At the church I noticed a small group of Swallows on telephone wires, and was left to reflect that the four adults and three juveniles probably represents one successful pair and one failure.
The flip side of all this hot weather is that it should be good for insects. The butterfly totals have been down this year, maybe because of the cool spring, but a warm night meant there should be lots of moths.
I put the trap out in the garden and caught 370 moths of 51 species. That sounds pretty good doesn't it, but the majority were micros; 131 Ypsolophas (Ermines) and 154 Water Veneers forming the bulk.
My only garden tick was a micro, albeit a reasonably large one. A single Eudonia pallida (known as Marsh Grey or Pallid Grey depending on which book you read) was one I had been hoping to see for years.
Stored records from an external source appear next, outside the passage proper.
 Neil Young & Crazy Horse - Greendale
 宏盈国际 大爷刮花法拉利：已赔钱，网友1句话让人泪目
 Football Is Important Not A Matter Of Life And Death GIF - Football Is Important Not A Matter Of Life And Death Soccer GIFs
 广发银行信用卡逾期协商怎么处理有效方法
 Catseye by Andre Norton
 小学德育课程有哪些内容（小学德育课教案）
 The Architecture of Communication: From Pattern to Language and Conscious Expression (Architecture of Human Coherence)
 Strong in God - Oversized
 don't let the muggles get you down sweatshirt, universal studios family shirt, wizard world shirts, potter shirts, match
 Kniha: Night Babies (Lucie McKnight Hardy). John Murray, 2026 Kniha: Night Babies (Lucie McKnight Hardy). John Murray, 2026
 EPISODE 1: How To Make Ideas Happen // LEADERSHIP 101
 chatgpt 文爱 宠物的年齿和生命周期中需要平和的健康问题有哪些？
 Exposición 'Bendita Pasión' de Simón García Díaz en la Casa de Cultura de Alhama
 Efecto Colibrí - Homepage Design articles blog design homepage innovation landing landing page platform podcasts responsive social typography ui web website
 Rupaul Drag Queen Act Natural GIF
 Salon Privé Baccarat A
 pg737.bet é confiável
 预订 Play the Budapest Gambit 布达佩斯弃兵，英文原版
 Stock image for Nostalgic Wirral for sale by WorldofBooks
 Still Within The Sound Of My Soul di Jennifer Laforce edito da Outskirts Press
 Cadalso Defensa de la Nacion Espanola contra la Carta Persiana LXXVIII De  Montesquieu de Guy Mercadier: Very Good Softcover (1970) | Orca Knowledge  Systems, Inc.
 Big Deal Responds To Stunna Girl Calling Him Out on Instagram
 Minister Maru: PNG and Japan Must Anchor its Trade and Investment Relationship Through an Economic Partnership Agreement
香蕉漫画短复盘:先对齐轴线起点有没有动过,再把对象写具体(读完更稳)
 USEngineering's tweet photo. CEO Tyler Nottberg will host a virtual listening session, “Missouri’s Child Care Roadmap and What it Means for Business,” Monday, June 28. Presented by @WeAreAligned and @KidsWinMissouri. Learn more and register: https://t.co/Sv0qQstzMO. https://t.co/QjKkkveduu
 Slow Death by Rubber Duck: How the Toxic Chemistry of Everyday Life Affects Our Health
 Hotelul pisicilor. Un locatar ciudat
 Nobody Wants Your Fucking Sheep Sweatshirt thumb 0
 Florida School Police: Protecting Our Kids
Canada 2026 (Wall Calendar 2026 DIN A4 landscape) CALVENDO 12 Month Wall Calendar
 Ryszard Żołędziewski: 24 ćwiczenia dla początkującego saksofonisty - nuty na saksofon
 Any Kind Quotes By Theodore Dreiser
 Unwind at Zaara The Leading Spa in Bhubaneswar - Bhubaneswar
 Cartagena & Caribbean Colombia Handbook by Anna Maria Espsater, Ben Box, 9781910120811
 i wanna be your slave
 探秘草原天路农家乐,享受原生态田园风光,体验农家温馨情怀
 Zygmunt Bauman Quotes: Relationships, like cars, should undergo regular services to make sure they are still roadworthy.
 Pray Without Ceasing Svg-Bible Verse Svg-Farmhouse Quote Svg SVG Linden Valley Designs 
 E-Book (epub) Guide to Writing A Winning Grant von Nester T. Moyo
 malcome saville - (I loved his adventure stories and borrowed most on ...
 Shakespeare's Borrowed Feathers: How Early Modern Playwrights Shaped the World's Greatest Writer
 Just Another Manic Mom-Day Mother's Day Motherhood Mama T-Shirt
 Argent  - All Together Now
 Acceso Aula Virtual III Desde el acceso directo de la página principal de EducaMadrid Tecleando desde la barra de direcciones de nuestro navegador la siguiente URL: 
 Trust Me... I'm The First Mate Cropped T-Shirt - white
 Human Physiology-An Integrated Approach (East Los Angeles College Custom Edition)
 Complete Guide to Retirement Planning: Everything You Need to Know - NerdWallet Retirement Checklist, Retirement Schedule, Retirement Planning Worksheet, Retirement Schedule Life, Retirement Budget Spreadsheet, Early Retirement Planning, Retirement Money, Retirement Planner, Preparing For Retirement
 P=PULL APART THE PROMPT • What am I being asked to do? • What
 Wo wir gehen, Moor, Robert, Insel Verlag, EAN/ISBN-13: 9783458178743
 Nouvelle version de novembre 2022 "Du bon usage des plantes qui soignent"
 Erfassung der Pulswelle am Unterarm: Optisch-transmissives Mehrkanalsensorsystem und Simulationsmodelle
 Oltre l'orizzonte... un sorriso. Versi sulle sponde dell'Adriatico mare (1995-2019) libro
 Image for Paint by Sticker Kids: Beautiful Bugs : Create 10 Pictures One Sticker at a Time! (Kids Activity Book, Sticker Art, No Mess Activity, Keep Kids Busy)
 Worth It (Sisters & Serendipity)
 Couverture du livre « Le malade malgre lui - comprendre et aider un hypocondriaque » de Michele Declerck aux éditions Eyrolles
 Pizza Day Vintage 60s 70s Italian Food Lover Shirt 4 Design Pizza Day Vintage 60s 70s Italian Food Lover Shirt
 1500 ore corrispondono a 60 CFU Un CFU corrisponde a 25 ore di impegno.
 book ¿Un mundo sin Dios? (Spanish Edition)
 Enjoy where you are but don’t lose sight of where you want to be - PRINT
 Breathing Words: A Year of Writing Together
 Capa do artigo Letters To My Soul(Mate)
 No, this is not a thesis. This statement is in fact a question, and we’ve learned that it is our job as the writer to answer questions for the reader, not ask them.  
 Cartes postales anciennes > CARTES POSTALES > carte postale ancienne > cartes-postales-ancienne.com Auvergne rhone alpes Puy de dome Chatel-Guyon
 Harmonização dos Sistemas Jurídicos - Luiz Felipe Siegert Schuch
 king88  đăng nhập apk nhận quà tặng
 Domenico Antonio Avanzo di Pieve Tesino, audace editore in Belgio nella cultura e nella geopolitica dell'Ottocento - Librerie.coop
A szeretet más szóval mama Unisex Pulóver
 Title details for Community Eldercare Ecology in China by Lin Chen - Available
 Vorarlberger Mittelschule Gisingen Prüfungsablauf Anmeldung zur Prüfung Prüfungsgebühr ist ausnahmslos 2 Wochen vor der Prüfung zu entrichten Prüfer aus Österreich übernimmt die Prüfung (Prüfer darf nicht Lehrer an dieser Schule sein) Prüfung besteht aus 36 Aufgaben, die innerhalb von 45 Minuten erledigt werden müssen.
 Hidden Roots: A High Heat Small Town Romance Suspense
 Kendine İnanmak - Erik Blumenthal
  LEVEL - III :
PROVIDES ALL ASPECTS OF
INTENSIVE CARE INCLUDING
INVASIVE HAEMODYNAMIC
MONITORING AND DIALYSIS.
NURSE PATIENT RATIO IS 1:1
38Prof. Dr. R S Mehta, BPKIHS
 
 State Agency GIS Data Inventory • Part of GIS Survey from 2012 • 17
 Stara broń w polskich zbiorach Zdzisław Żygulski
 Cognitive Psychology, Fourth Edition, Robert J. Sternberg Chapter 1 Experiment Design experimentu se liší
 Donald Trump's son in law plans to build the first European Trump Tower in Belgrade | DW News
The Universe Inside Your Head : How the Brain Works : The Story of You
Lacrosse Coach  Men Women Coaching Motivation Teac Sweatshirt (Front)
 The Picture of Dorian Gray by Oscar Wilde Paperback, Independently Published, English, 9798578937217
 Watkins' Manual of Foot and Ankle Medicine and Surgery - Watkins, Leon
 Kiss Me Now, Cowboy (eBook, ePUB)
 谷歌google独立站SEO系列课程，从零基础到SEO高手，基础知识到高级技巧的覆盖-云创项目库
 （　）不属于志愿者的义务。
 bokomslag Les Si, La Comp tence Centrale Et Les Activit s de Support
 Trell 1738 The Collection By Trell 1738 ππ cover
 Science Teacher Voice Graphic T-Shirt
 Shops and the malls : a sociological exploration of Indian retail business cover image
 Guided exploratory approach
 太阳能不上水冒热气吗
They are described as fairly common, and I suspect that closeness to a reed-bed is the deciding factor.
Pallid Grey looking suitably pale in an egg box |
The rest of the catch contained no great surprises, although Gold Triangle (another micro) was only my third.
Actually, that's not entirely true. The one big surprise was the lack of any Large Yellow Underwings (or any of the Yellow Underwing species). I'm sure I would have been catching loads of them in previous summers.
Maybe things are just as bad for moths as butterflies (they're all the same thing really anyway).